→ EXERCISE DESCRIPTION
Repeat exactly the line with "销售评估模板,销售评估包含哪些内容 -第3张图片-马瑞范文网" and each line after it to the end of the data below; pictures stay out.

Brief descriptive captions
##########

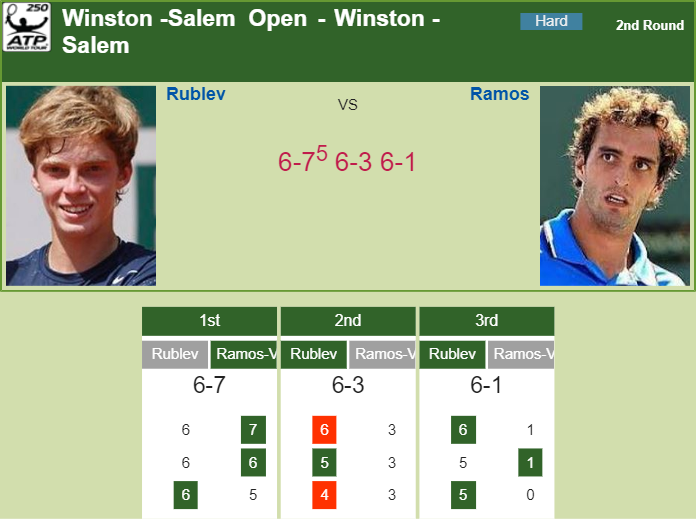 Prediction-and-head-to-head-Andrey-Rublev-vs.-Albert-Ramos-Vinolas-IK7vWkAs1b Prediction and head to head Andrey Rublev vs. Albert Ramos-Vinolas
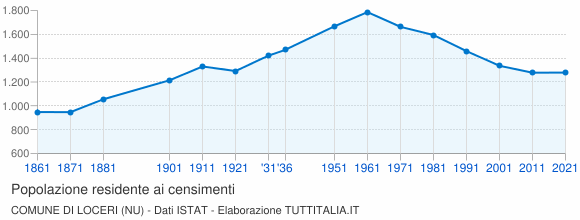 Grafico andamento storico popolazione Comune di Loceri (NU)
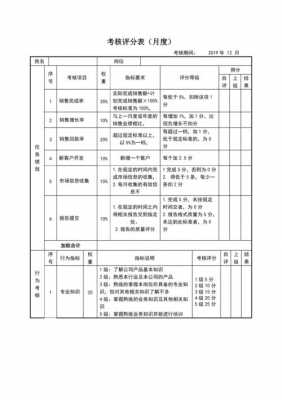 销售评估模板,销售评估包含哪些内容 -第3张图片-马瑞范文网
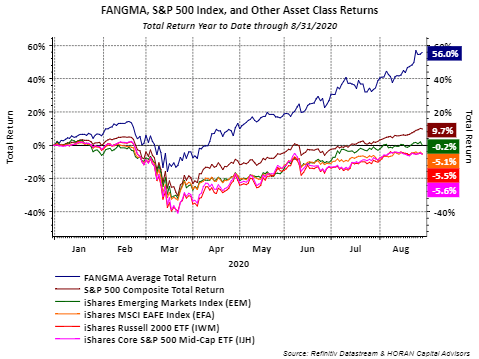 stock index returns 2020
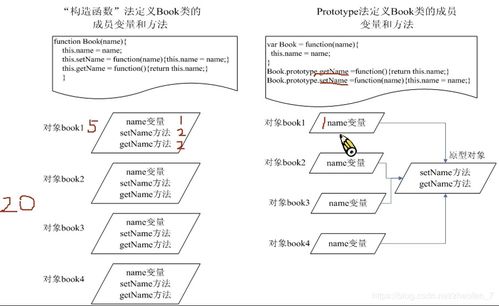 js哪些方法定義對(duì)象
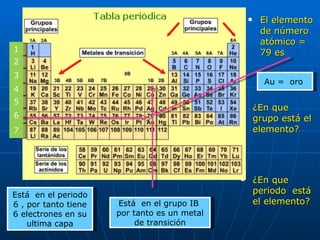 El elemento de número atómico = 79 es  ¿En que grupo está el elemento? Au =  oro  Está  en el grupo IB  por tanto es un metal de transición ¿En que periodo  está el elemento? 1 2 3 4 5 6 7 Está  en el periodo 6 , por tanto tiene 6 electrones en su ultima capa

##########

→ EXERCISE OUTPUT
 销售评估模板,销售评估包含哪些内容 -第3张图片-马瑞范文网
 stock index returns 2020
 js哪些方法定義對(duì)象
 El elemento de número atómico = 79 es  ¿En que grupo está el elemento? Au =  oro  Está  en el grupo IB  por tanto es un metal de transición ¿En que periodo  está el elemento? 1 2 3 4 5 6 7 Está  en el periodo 6 , por tanto tiene 6 electrones en su ultima capa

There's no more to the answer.